When the musical was still pretty unintegrated, in the thirties, all the elements jostled with each other. I wrote an article
about this.) There was pleasure in the disunity. When Cole Porter wrote
his 30s musicals, he would allow the plot to be interrupted by a great
song. If performers had a particular skill, the show would accommodate
them. The plots didn’t have to make sense, because the pleasure was not
about the confirmation of narrative expectation; it was about plot
development and turn and the intensity of that pleasure. The end was not
meant to justify the means. The means were the end.
Janice Radway in Reading the Romance
studied mid-western American housewives and their habits when reading
romantic novels. Perhaps we might think that is the exemplary instance
of the conservative, ideologically-interpolated, dumbed-down audience;
the absurd fantasies of taming are there to mentally enslave the women
who read them. Instead, Radway found many extraordinary things. First,
many women, when choosing these books, would read the last page first to
be sure of the ending. So the ending was not a surprise, was not a
sneakily introduced narrative sealant. Instead, these women read these
books for the content., Perhaps the pleasure was in the rebellion, the
feistiness before the heroine finds her prince. Second, these women read
these books as an interruption of their daily life. These books weren’t
continuous with their life as housewives, they disrupted it. Women
turned off the hoover, delayed doing the washing-up, to have 15 minutes
of the book.
The musical is the same. First of all,
the effect of narrative convention is that you know the ending. That’s
how they work. The endings are happy. And that means you can discount
them; they are laughably obvious, enjoyably obvious. When you watch Calamity Jane, who honestly feels that the ending is a logical conclusion to the story? In fact, who even remembers
the ending? The fact is that she ends up betrothed to Wild Bill, and
wearing a feminised version of her buckskins. But what’s the first thing
you think of from that musical? ‘Secret Love’? I bet not. I’l bet you
$50 it’s her in the leathers singing the Deadwood Stage or in the bar
bragging about her experiences in the Windy City. The narrative is
inoperative as a force of teleology and substitution.
And secondly, it’s interesting the
musicals are often attended by women taking a break from their husbands?

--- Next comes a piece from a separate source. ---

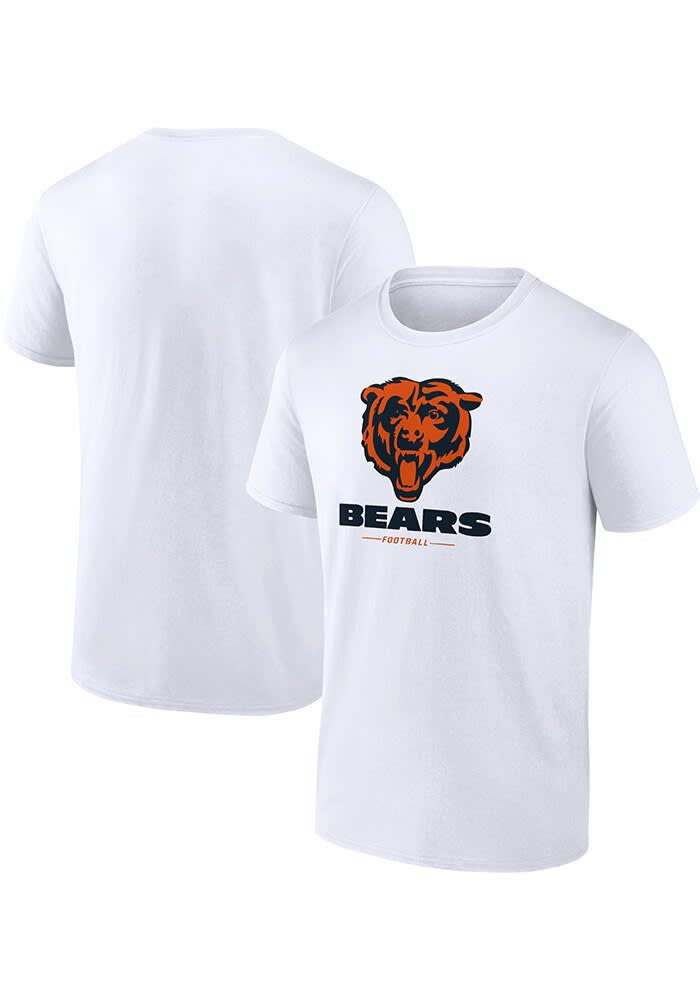 Chicago Bears White Lockup Short Sleeve T Shirt - 172806888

Coach trips down the that London, where the kids or the house and the
dinner and the washing have to be looked after by someone else. Musicals
interrupt possibly oppressed lives. And if musicals didn’t - if they
were to advertise their importance and tame their pleasures in the
service of artistic statement - they wouldn’t give us an opportunity to
experience a life of sheer pleasure. And that’s not an unradical thing.
Imagining a word of sheer pleasurable flow, both differentiated and
undifferentiated (okay, I’m sounding like one of those crazy Deleuzians
now), respecting no order or structure or boundary, expressed purely in
delight and joy, is that not something worth developing as an
experience, building up a bank of feeling that might act as a
counterweight to a world where the structures may not work for us?

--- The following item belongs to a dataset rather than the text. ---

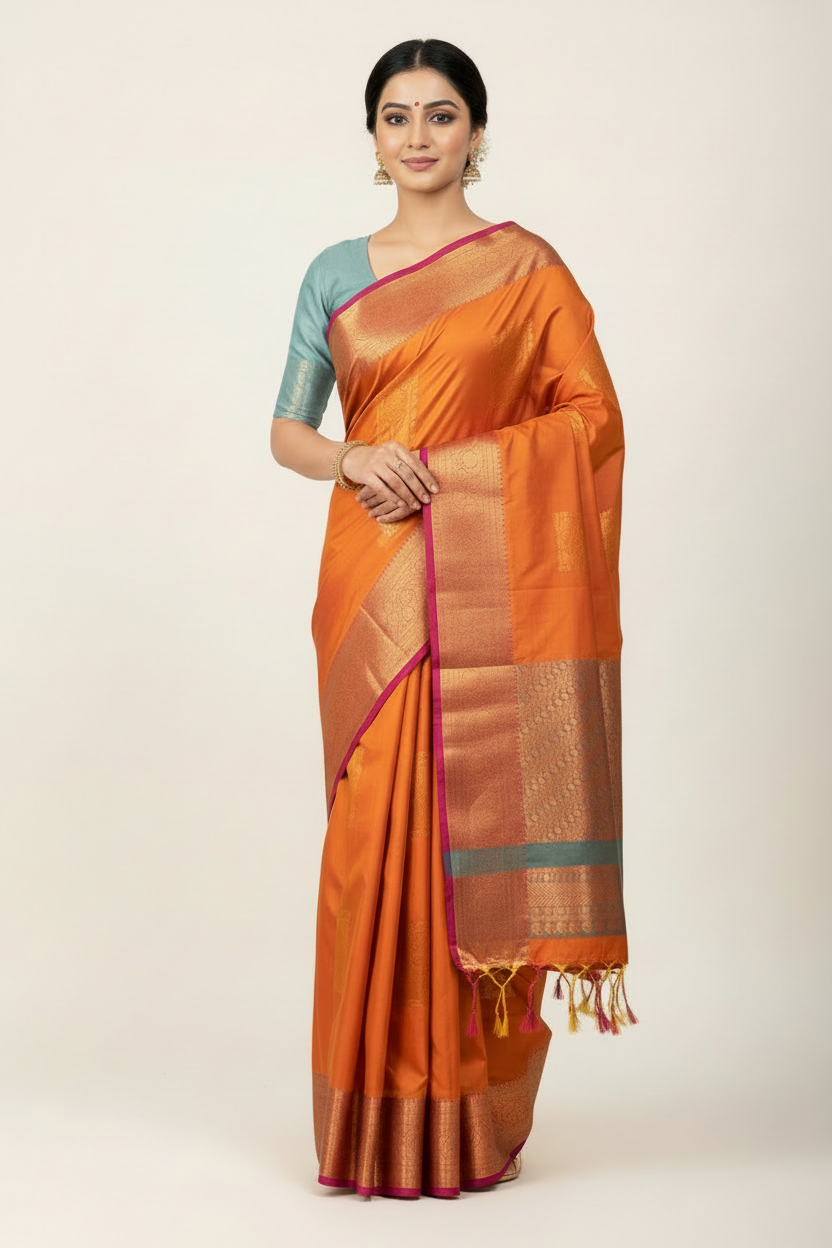 Soft Vegan Silk Saree Russet Orange Colour with Magenta and Copper Border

Which brings me to Legally Blonde.
It’s dumb. It’s fun. It’s hugely skilled. There are wonderful dances
and crazy songs. The story is trashy and the sentiments are knowingly
shallow. All of this allows us to enjoy the many systems of creativity
at work. The plot takes a back seat when we need to hear a satirical
song about Ireland. It delves into the Broadway songbook to find the
buck-me-up song at the end of the first half. It scandalously turns teen
slang into musical form for ‘Oh My God You Guys’. It’s magnificent. And
Sheridan Smith is particularly excellent; sassy, funny, full of song,
pretty, dumb and marvellous.
I loved it. And if you haven’t seen it, go and forget all that stuff about the clever musical. This is musical theatre at its very cleverest - fully thoughtful, utterly, dangerously pleasurable.